La performance des services n’est pas accessible par la seule exécution de prestations techniques mises en œuvre isolément les unes des autres. L’ingénierie sociale nécessaire à la performance des services n’est suffisante, ni par la mise en œuvre d’une simple coordination des tâches (processus), ni par le recours à une exigence de conformité (serait-elle contractuelle) à des prescrits (voire les KPIs[1]). Ces derniers sont toujours lacunaires du fait de contrats nécessairement incomplets. La coopération est une exigence de performance, pas seulement un supplément d’âme. Or, il ne suffit pas de la prescrire. Il faut des organisations et des deals sociaux capables de faire « travailler et vivre ensemble », de manière intégrée, des travailleurs mobilisés côte à côte mais sans pour autant leur proposer une appartenance commune à une même entreprise.

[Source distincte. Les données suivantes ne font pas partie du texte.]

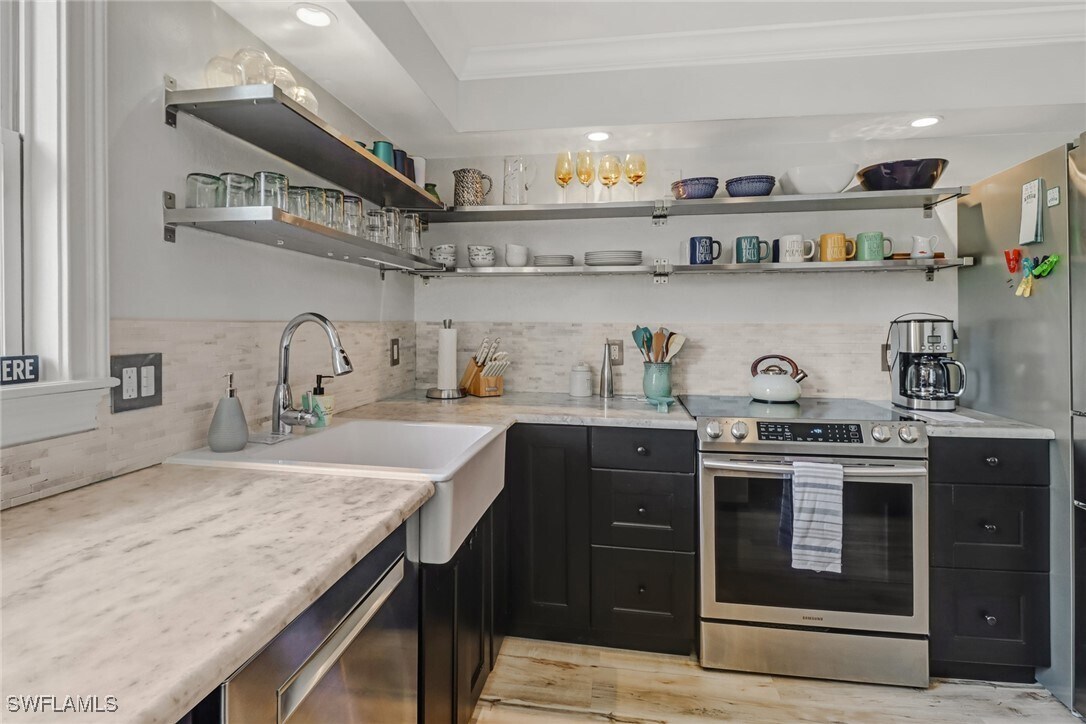 Photo - 1081 Hollygate Ln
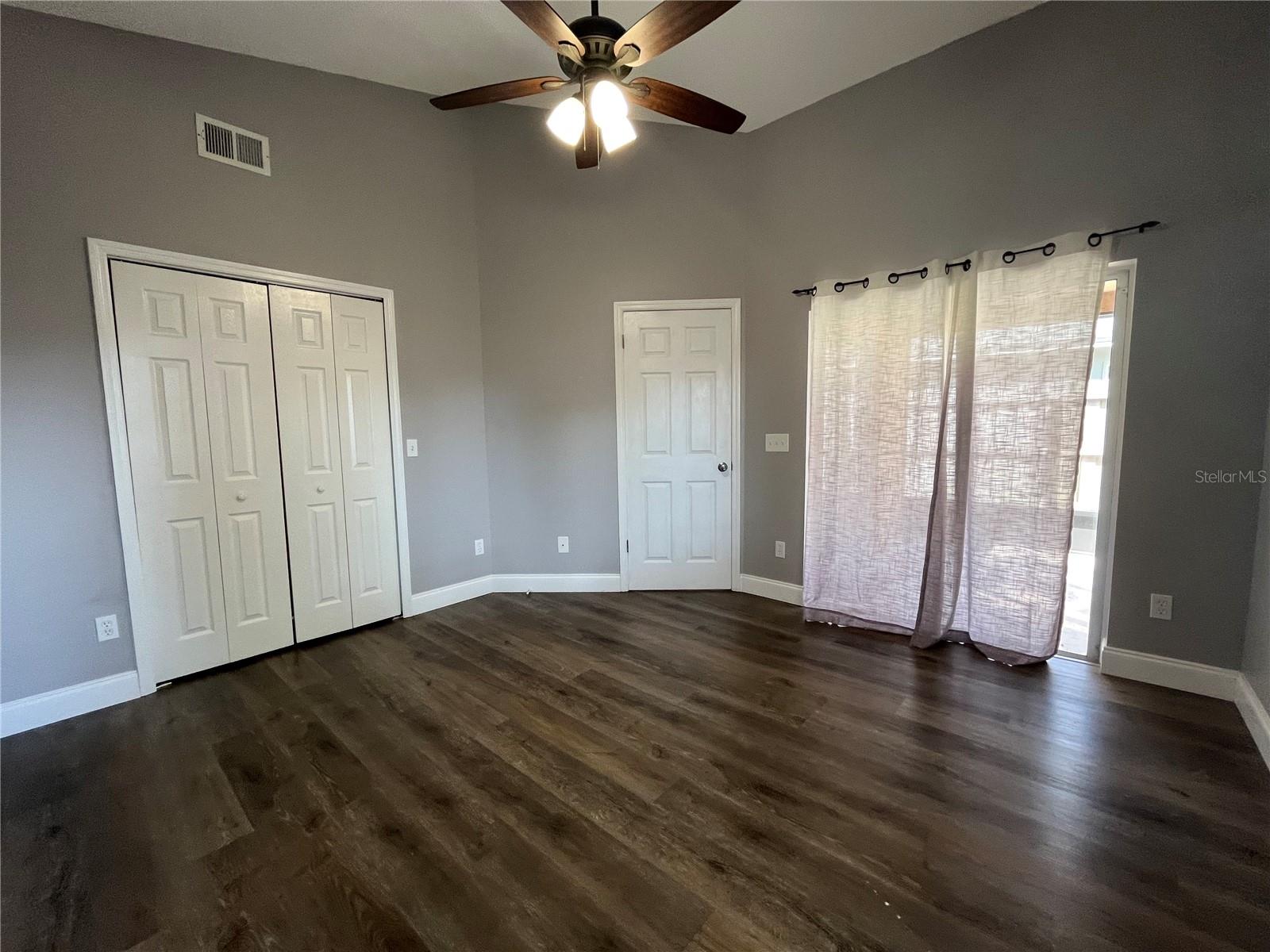 RESERVE AT THE CROSSINGS PH 1 THE - Residential Lease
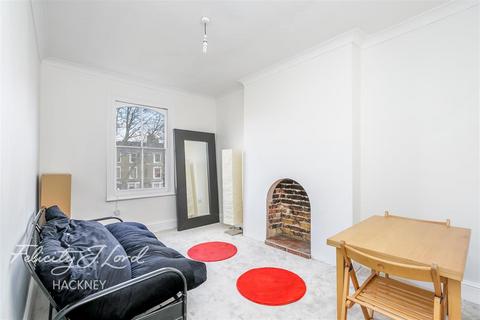 1 bedroom flat to rent, Sandringham Road E8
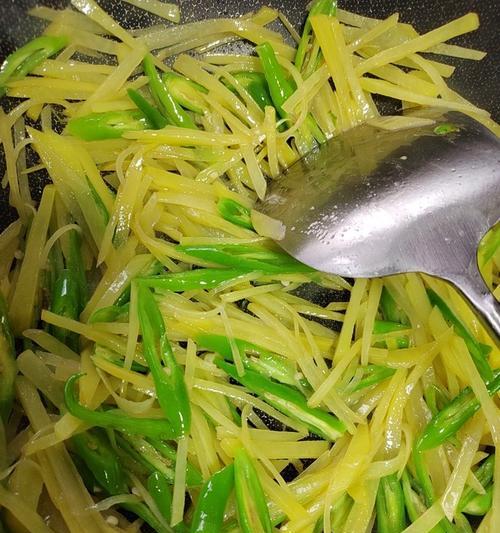 青椒土豆丝怎么做？步骤详解和常见问题解答？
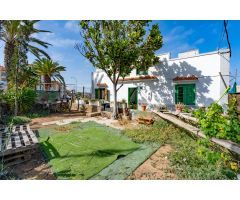 Gran Casa Familiar con Jardín y Luz Natural en Tejina de Isora – Espacio, Tranquilidad y Vistas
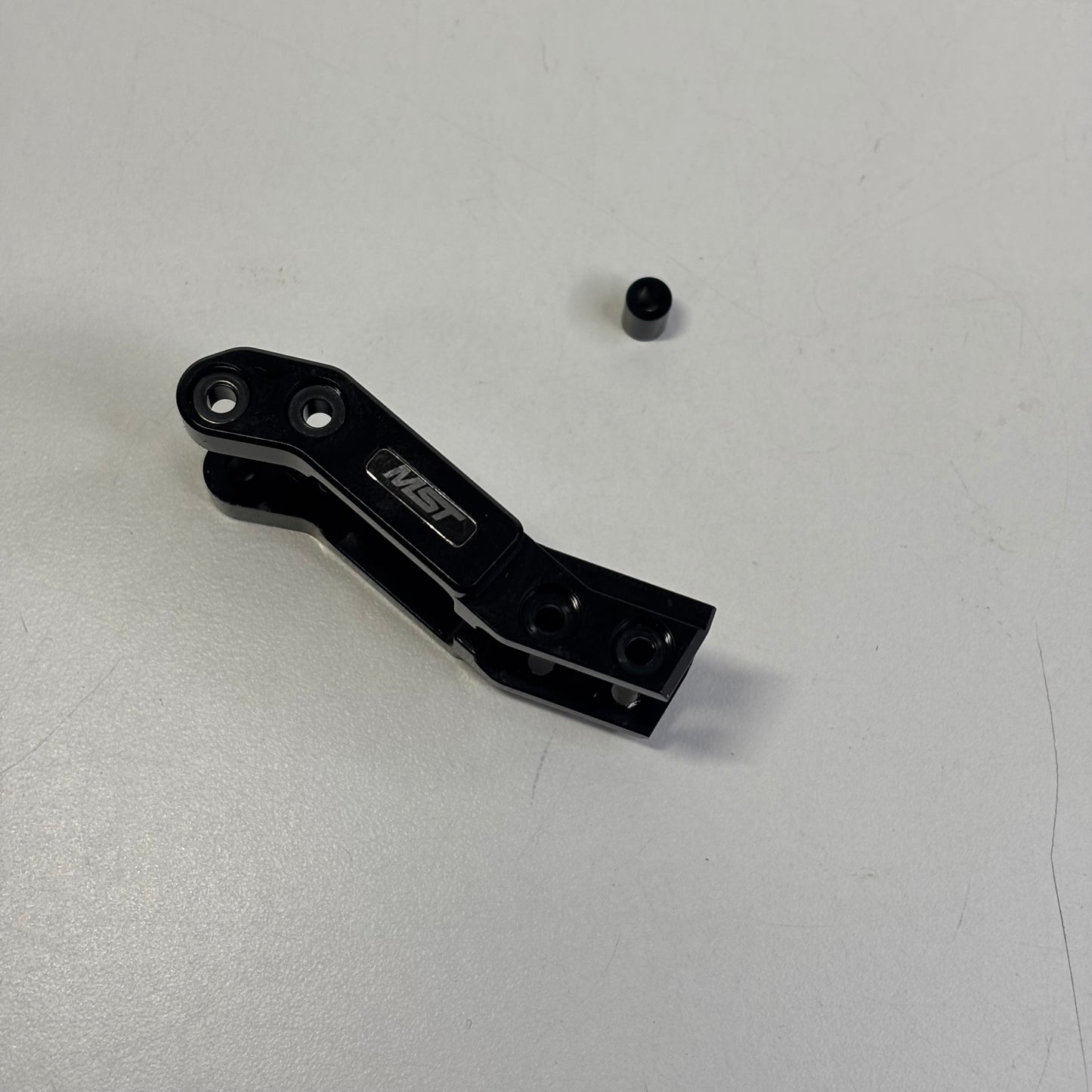 MST RMX 2.0 2.5 Upper Deck Rear Connector Black Alloy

Recréer des collectifs de travail à l’aide d’une ingénierie sociale renouvelée
Les conditions d’obtention de la performance du travail serviciel ne sont plus celles qui était réunies dans le modèle communautaire fordien intégré. Avec l’externalisation, l’intégration qui était acquise via la subordination n’est plus accessible de la même façon ; l’intégration culturelle, l’interconnaissance, l’unicité d’employeur et donc de commandement, des solidarités fondées sur la proximité de destins (même inégaux) et le partage des objectifs…, ne sont plus des données dans le modèle d’entreprises étendues, en réseau et flexibles.
Une doctrine managériale servicielle doit réinventer la possibilité de collectifs constitués de travailleurs coopérant sans pour autant partager le destin commun de subordonnés à un même employeur. Elle doit réunir les conditions d’obtention d’un engagement subjectif de chacun pour obtenir des relations de « services » au-delà de l’achat de prestations et de moyens. Elle doit inventer les conditions de la coopération sans le recours à la subordination salariale directe.
Des organisations performantes de services doivent permettre de reconstituer des collectifs et de rendre du sens à l’activité de chacun, entre prestataires exerçant des métiers différents, et avec les bénéficiaires. Elles doivent le faire en composant avec des appartenances de métiers et d’employeurs éclatées en termes de culture, de destin, de régime social et d’encadrement. L’ingénierie sociale requise doit construire des solidarités et des proximités, de la confiance et de la coopération, mais dans le contexte de relations encadrées par des contrats commerciaux à durée déterminée. La tâche est évidemment ardue mais à défaut, on ne voit pas comment obtenir des « relations de services » au-delà de « prestations » exécutées plus ou moins conformément.